Mas Daffa tersenyum tipis dan mencoba meraih bahuku. Aku menepisnya dengan air mata masih mengalir.

"Sayang, Mas ini kan suami kamu. Ya, wajarlah suami istri berhubungan terus istrinya hamil. Lagian, Mas juga nggak sadar waktu itu karena dihantui rindu sama kamu,"

"Tapi, kalau sudah begini, Esy kan jadi takut, Mas. Omelan Ibu bisa panjang sampai kelahiran nanti. Apalagi, dari awal Ibu sudah menyarankan Esy untuk ber-KB, huhu ...."

"Sabar, Sayang ... harusnya kita bersyukur masih dipercaya Allah untuk diberi momongan lagi. Di luar sana banyak loh orang pengen punya anak tapi belum dikasih sama Allah. Lah, kita dikasih kok malah sedih? InsyaAllah rezeki kita cukup, kok."

Ucapan Mas Daffa sepertinya mampu menenangkan jiwaku, terbukti tangisku perlahan menghilang. Kupandang wajah suamiku yang tampan dengan hidung mancung dan alis mata hitam tebal itu dengan sisa air mata yang masih menggenang.

Suamiku tersenyum, disekanya air mataku dengan jemarinya. Kemudian aku diraih ke bidang dadanya. Sungguh, aku merasa ketenangan tiba-tiba menyusup di dalam hatiku.

-----

Bulan-bulan berlalu. Aku tetap melaksanakan pekerjaanku sebagai PNS yang mengabdikan diri di salah satu instansi basah di Pemda, kota kelahiranku. Nayra kecil diasuh oleh ART yang datang pagi pulang sore, sementara neneknya hanya bertugas mengawasi. Ibuku, memang tipe nenek yang cerewet. Ia begitu teliti mengawasi tumbuh kembang cucu kesayangannya itu. Jika ART tampak lalai, Ibuku tidak segan menasehati bahkan terdengar mengomeli. Untunglah, Mbak Manah sangat mengerti dengan sifat Ibu sehingga dia tidak pernah ambil hati. Apalagi Mbak Manah yang seorang janda paling tahu bahwa meski cerewet, Ibuku aslinya adalah perempuan penyayang dan tidak pernah kikir terhadap siapa saja terutama dengan orang yang bekerja dengannya.

Satu bulan sebelum hari kelahiran tiba, aku sudah mengurus surat cuti untuk melahirkan adik Nayra. Mas Daffa masih tetap dengan tugasnya di negeri seberang. Satu minggu dari prediksi dokter, Mas Daffapun sudah berada di sampingku.

Hari itu perutku sudah merasa mulas, pinggang terasa sakit. Ada sedikit darah keluar di pakaian dalam. Sepertinya waktu kelahiran anak kedua ini akan segera terjadi. Dengan wajah meringis menahan sakit, akupun dibawa oleh Mas Daffa ke rumah sakit swasta di daerahku. Mas Daffa mengemudi dengan cepat, sementara suara Ibu terus mengoceh di belakang sambil mengelus-ngelus perutku.
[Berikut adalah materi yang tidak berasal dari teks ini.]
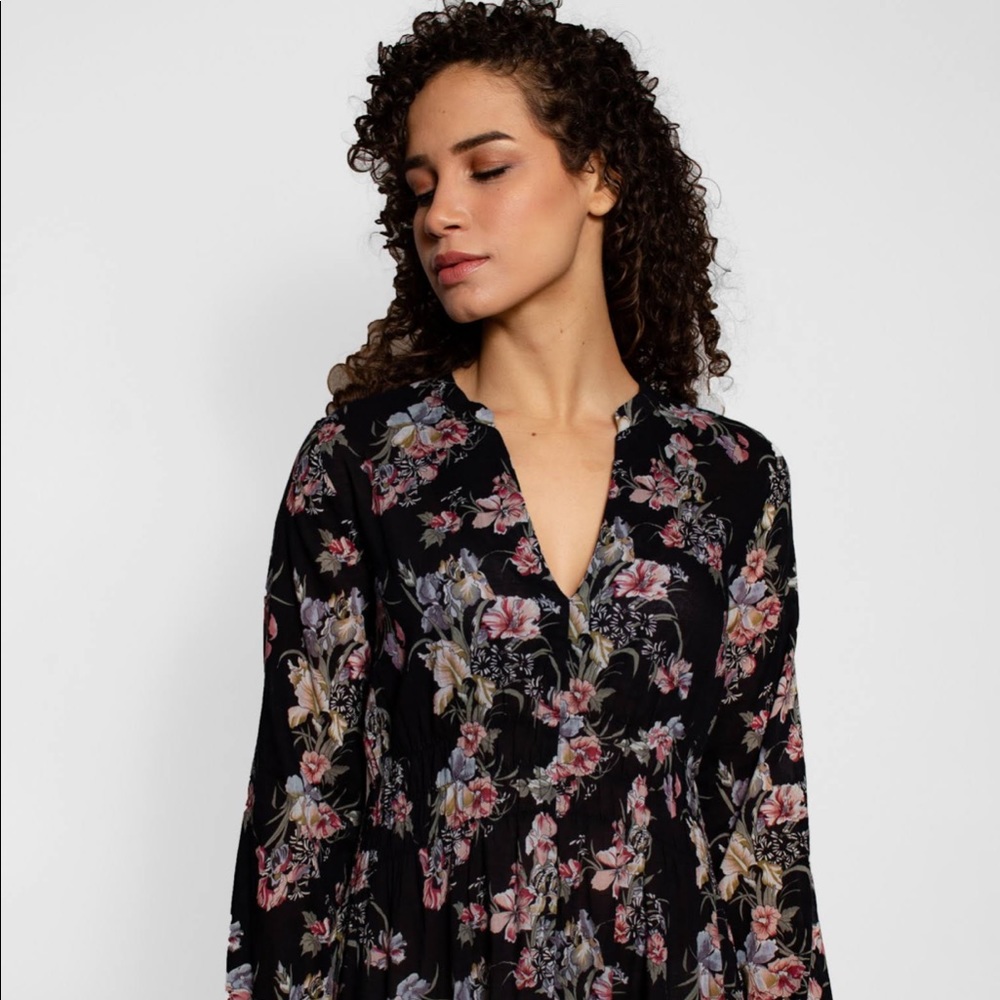 NWOT Local Ida Dress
"Daffa, cepetanlah. Istrimu ini sudah mau brojol. Mau kamu anakmu nanti lahir di dalam mobil?"

"Aduuuh, Bu. Itukan Mas Daffa bawa mobilnya sudah hampir mau terbang kan?" selaku masih dengan wajah menahan sakit.
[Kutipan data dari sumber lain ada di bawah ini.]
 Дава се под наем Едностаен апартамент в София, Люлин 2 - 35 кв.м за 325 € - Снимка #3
"Sabar, Bu. Bentar lagi sampai," sahut Mas Daffa.

"Iya, Ibu ini. Sabar sajalah, ngomel terus." Ayah yang duduk di sebelah Mas Daffa ikut angkat bicara.

Ibu hanya bisa diam sembari mengerucutkan mulutnya.

------ Tiba di rumah sakit, aku langsung dibawa masuk ke IGD, ternyata setelah dicek sudah bukaan empat. Dokter menyarankan untuk langsung dibawa ke ruang bersalin. Tak cukup tiga jam, bayi mungil perempuan lahir ke dunia dengan tangisan yang melengking melenyapkan semua rasa sakit yang kurasa. Mas Daffa yang ikut menyaksikan proses kelahiran bayinya langsung mencium keningku dan mengucapkan terimakasih dengan wajah sumringah. Bayiku segera di azankan oleh Abinya. Sekitar satu jam berikutnya aku didorong menggunakan brankar ke ruang rawat inap VVIP yang dipesan oleh Mas Daffa. Ibu dan Ayah yang sudah menunggu, menyambut kami dengan wajah bahagia.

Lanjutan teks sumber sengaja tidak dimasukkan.